The Right Interpretation ✅:
Selection Bias Mechanism:
1. Customer says "yes" → Stop calling (exits pool)
2. Customer says "no" → Keep calling
3. After 10+ calls → Pool enriched with persistent "no" customers
It's not that calling harms conversion,
it's that customers remaining after many calls are unlikely to convert.
Business Implication:
Stop after 2-3 attempts because:
✓ Remaining customers unlikely to convert (selection bias)
✓ Diminishing returns (4.2% vs 7.8% baseline)
✓ Resource waste (time better spent on fresh leads)
NOT because calling harms the relationship!
The Finding:
Balance Range Success Rate Sample Size
< -€1,000 4.0% 100 customers
-€1,000 to €0 4.6% 3,200 customers
€0 to €200 6.5% 10,500 customers ← JUMP!
€200 to €500 5.3% 8,700 customers
€500 to €1,000 8.1% 5,100 customers
Why €0 Matters:
Negative balance = "In debt to the bank"
→ Psychological discomfort
→ Less likely to invest
Positive balance = "Solvent, money in bank"
→ Psychological safety
→ 40% higher conversion (4.6% → 6.5%)
Binning Decision:
DON'T merge €0-€200 with negative balance ranges
DO create separate bin to capture this psychological shift
The Problem:
"non_working" job category = 12.0% success rate (HIGHEST!)
But this mixes:
- Students: 19.4% success (young savers)
- Unemployed: 11.6% success (variable income)
- Retired: 9.3% success (pensions, stability)
These are VERY different customer profiles!
Why This Matters:
If we target all "non_working" equally:
→ Miss opportunity to prioritize students (19.4%!)

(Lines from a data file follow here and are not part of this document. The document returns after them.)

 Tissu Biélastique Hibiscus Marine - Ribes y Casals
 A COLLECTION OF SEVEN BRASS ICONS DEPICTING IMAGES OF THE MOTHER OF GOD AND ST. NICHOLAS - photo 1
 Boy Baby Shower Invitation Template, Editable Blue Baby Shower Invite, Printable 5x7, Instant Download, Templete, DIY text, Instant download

→ Waste resources on lower-converting retirees (9.3%)
Better strategy:
→ Tier 1: Students
→ Tier 2: Unemployed
→ Tier 3: Retired
Lesson:
Always look BENEATH aggregated categories
"High-level success rate" can hide important variation
What We Found:
ROC-AUC: 0.919 (excellent discrimination!)
BUT
Calibration: Model overestimates 2-10×
How is this possible?
The Explanation:
Discrimination (ROC-AUC):
"Can model RANK customers correctly?"
→ Who is more likely vs less likely?
Calibration:
"Are probability ESTIMATES accurate?"
→ If model says 40%, do 40% actually convert?
These are INDEPENDENT properties!
Example:
Customer A: Actual NO, Predicted 10%
Customer B: Actual YES, Predicted 25%
ROC-AUC: ✓ Correct ranking (B > A)
Calibration: ✗ Both overestimated (actual A=0%, B=100%)
Business Implication:
✅ Use model for WHO to target (ranking) → Reliable
⚠️ Use model for HOW MANY conversions (forecasting) → Needs correction
1. Temporal Scope:
⚠️ Trained on 2020 Portuguese bank data
→ May not generalize to:
- Other countries (cultural differences)
- Other time periods (economic changes)
- Other banks (product/brand differences)

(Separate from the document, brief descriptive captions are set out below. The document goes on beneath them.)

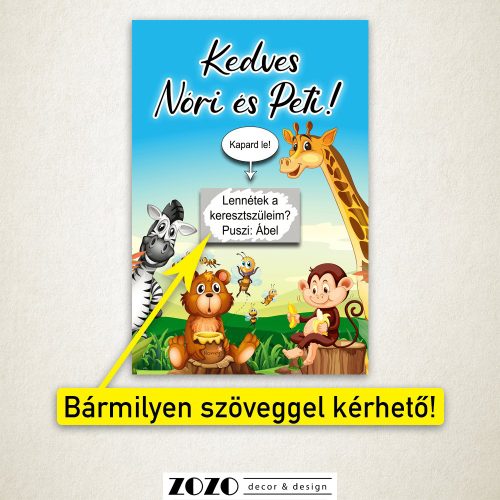 Cute Animals egyedi kaparós felkérő bejelentő kártya - bármilyen szöveggel kérhető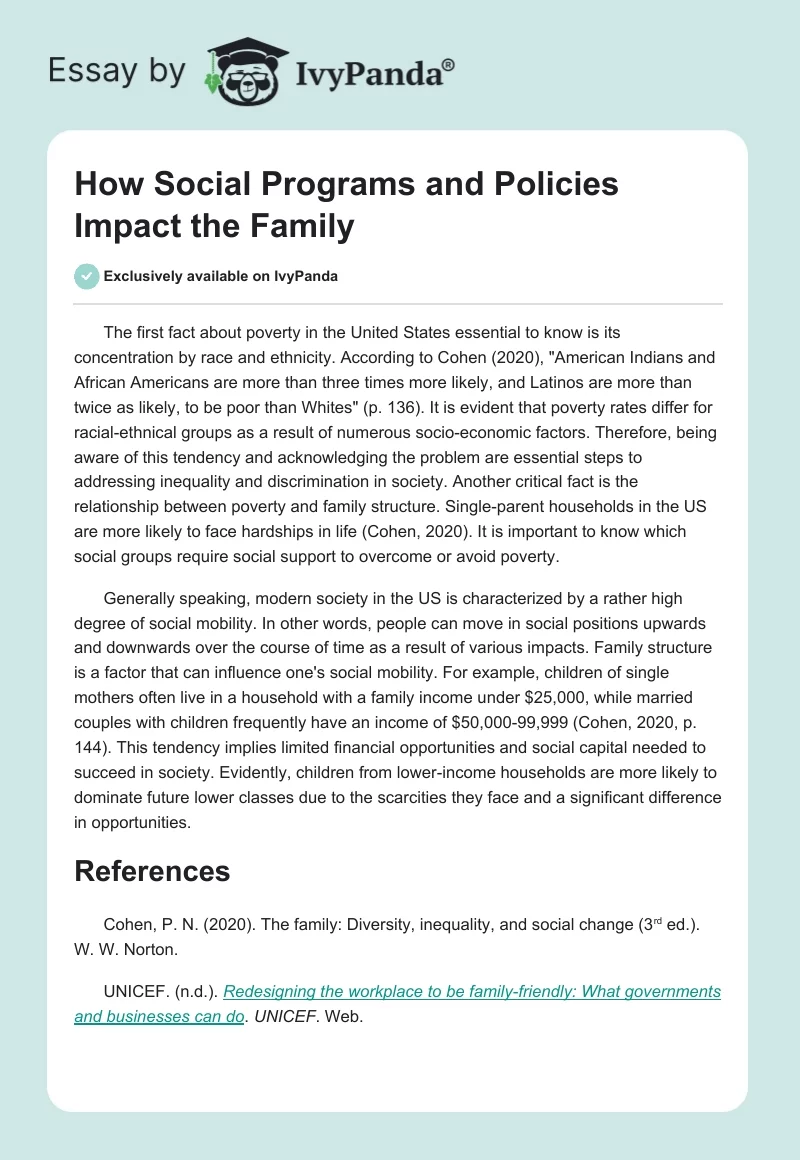 How Social Programs and Policies Impact the Family. Page 1
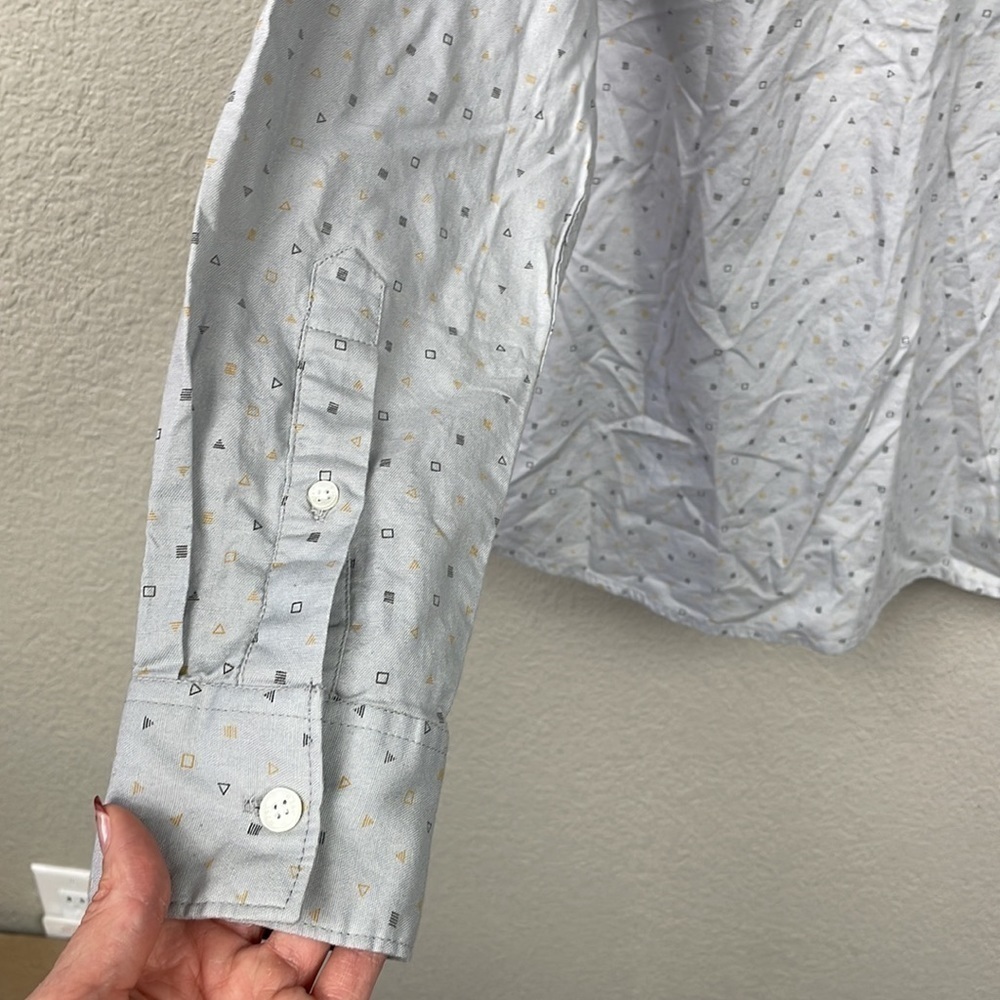 NWT Rebel James & Charli Long Sleeve Mini Geo Shirt Grey Gray Button Front Sz L - Picture 3 of 11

Requires: Regular retraining (quarterly recommended)
2. Duration Dependency:
⚠️ Model calibrated with post-facto feature
→ Pre-contact predictions overestimate
→ Need separate model for deployment
Requires: Either remove duration OR accept overcalibration
3. Feature Interactions:
⚠️ Model captures main effects well
BUT: Misses some complex interactions
- High balance + Technical job + Has loan = Overestimated
Requires: Explicit interaction features OR deeper trees
1. Data Quality Dependency:
⚠️ "contact_unknown" is top feature (15.6% importance!)

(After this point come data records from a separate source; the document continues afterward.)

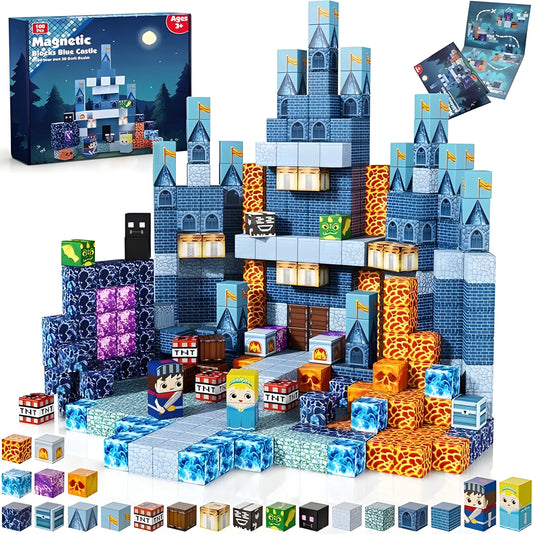 Onenazo magnetic building blocks blue castle for boys gift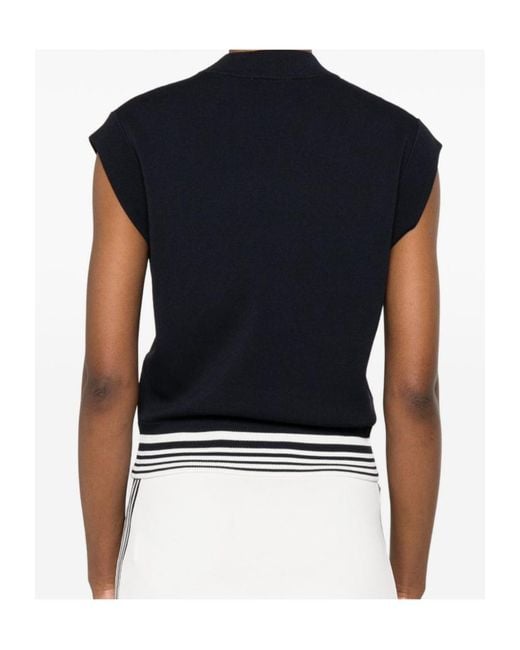 Autry Black Logo Embroidered Knitted Top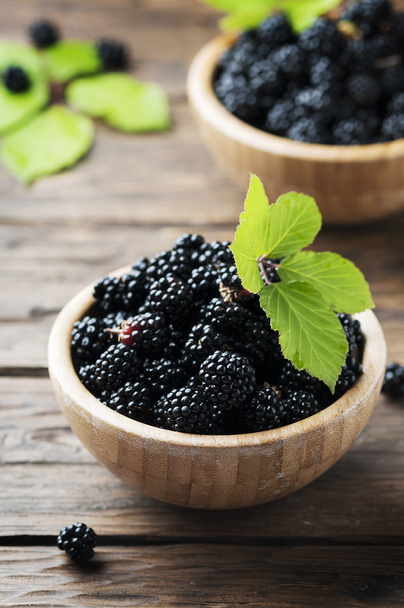 Wild blackberries in bowls - Valokuva, kuva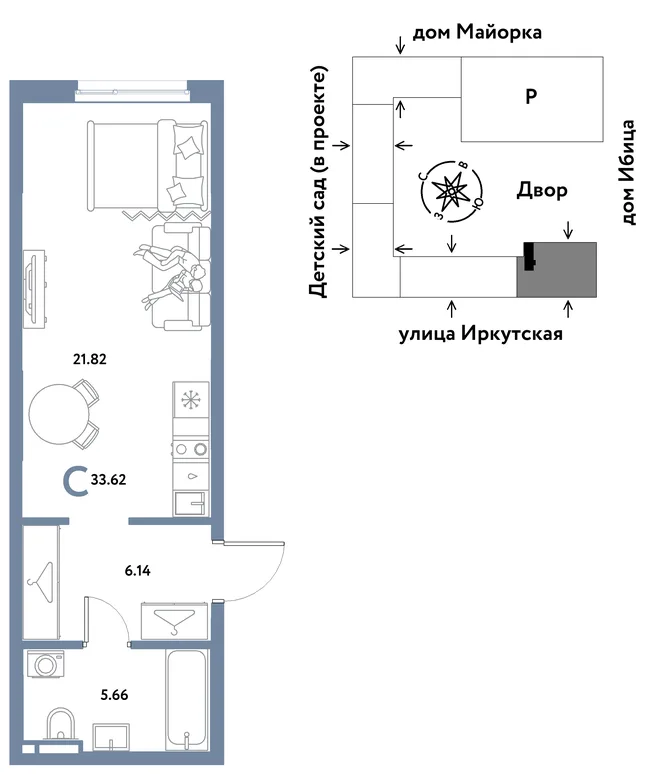 Планировка Студия, 33.62 м² ЖК «Остров-сад» Планировка Студия, 33.62 м² ЖК «Остров-сад»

→ This is a DATA QUALITY proxy, not causal
If data quality improves:
- contact_unknown becomes rare
- Model's #1 feature disappears
- Need to retrain!
Requires: Monitoring for data distribution shifts
2. Class Imbalance:
⚠️ 92.8% no, 7.2% yes
→ Model sees 13× more "no" examples
→ Better at identifying "no" than "yes"
Requires: scale_pos_weight adjustment, appropriate metrics
3. Small Sample Segments:
⚠️ Some segments have <100 customers in test set
- Age 65+: Only 128 customers
- Balance < -€1,000: Only 25 customers
- 30+ minute calls: Only 21 customers
Requires: Wide confidence intervals, cautious interpretation
1. Fairness Concerns:
⚠️ Balance-based targeting could exacerbate inequality
- Wealthy customers get more attention
- Low-balance customers underserved
Requires: Fairness audits, balanced targeting strategies
2. Transparency Requirements:
⚠️ Customers deserve to know why they're targeted
- Model is complex (100 trees, 48 features)
- Not easily explainable to individuals
Requires: SHAP values for individual explanations
3. Human Oversight:
⚠️ Model is decision SUPPORT, not replacement
- Agents should override low scores if conversation goes well
- Allow opt-in regardless of score
Requires: Clear guidelines, agent training
For Understanding the Project → Start here (README.md)
For Interview Preparation → docs/06_interview_preparation.md
For Deep Technical Dive → See section below
- 00_big_picture_architecture.md
- Complete flow from raw data to model-ready features
- How EDA findings inform feature engineering
- Connection map showing EDA → Feature Engineering decisions
-
19_univariate_bivariate_analysis_summary.md ⭐ EDA Overview
- Univariate analysis (8 features: distributions, outliers)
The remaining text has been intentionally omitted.